[Start of section]

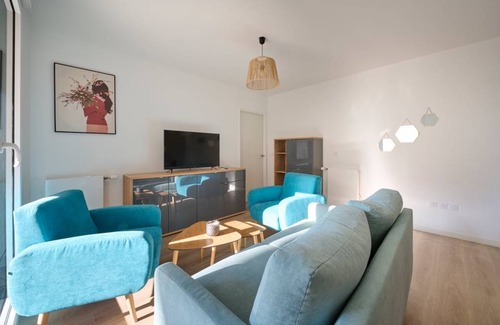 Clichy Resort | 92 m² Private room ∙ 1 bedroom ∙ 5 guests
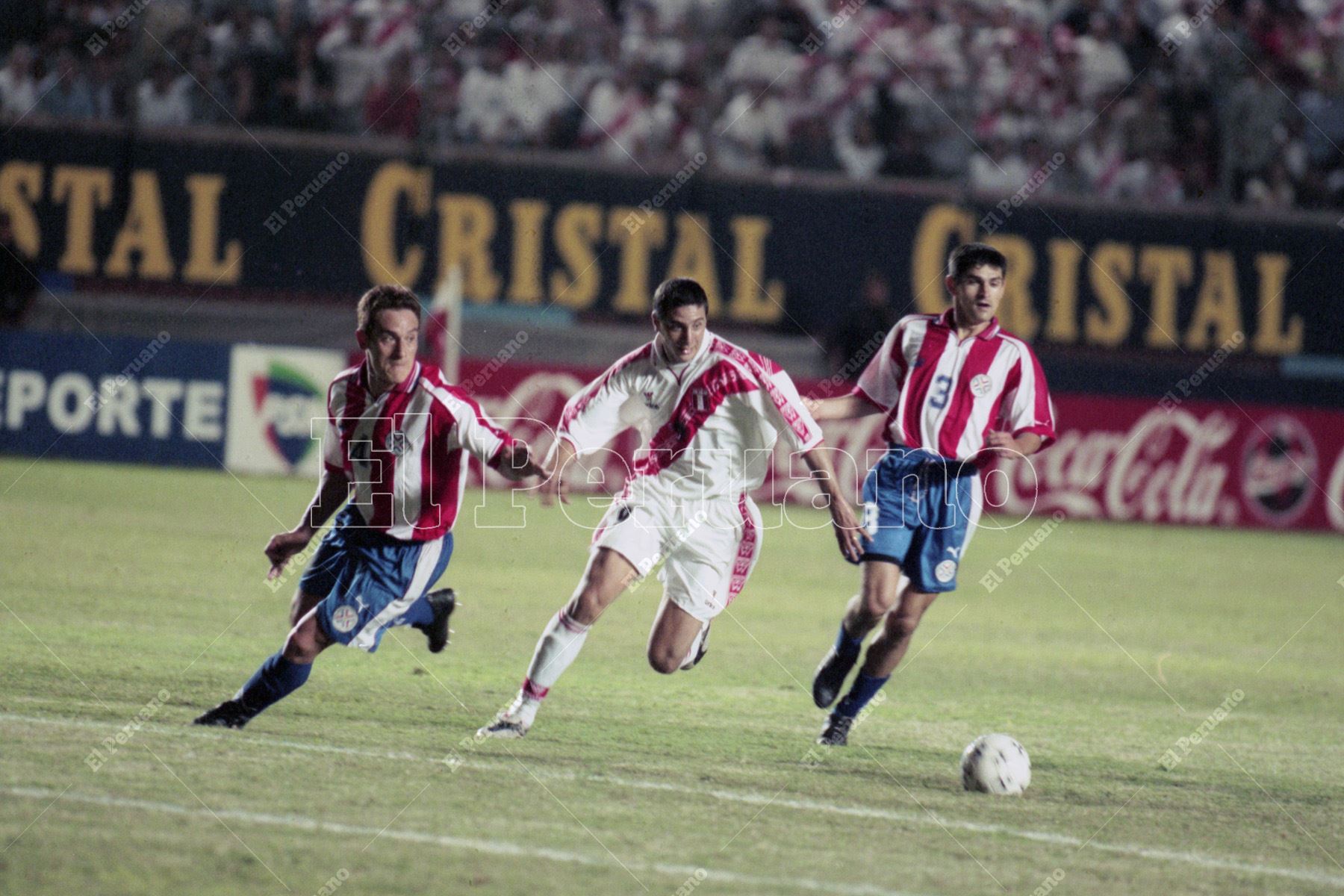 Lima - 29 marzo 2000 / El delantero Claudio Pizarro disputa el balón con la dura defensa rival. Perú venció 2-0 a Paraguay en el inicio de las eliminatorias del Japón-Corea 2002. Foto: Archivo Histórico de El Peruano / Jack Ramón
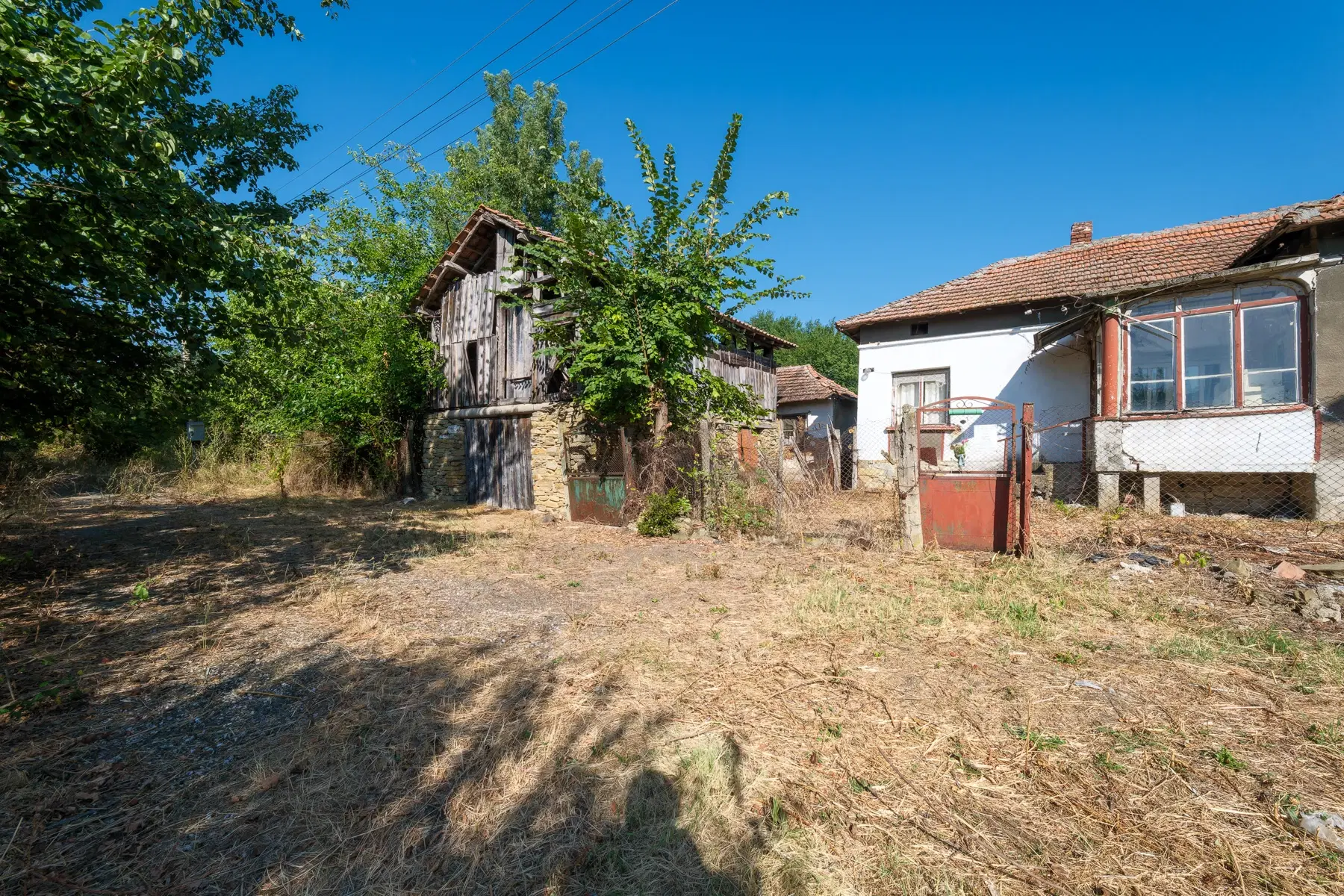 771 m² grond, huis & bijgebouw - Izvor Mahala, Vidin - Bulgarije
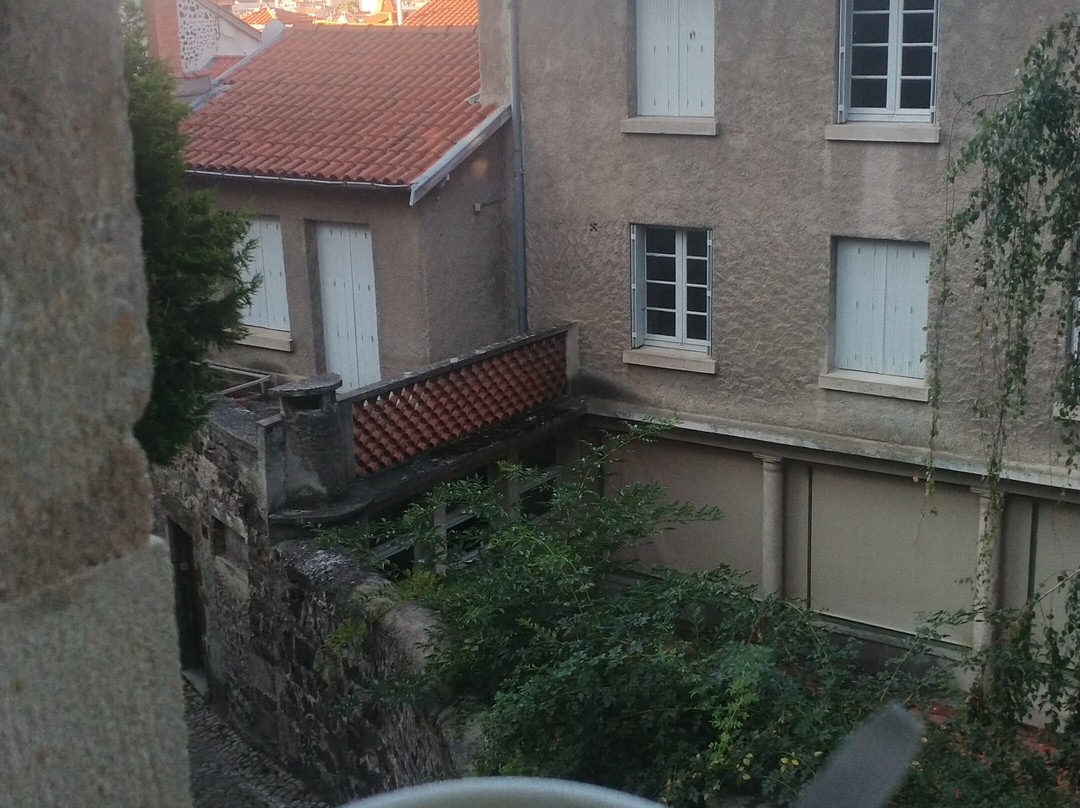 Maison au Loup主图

[End of section]

The reply must hold every line above exactly as written and none of the pictures.

Result for this task
 Clichy Resort | 92 m² Private room ∙ 1 bedroom ∙ 5 guests
 Lima - 29 marzo 2000 / El delantero Claudio Pizarro disputa el balón con la dura defensa rival. Perú venció 2-0 a Paraguay en el inicio de las eliminatorias del Japón-Corea 2002. Foto: Archivo Histórico de El Peruano / Jack Ramón
 771 m² grond, huis & bijgebouw - Izvor Mahala, Vidin - Bulgarije
 Maison au Loup主图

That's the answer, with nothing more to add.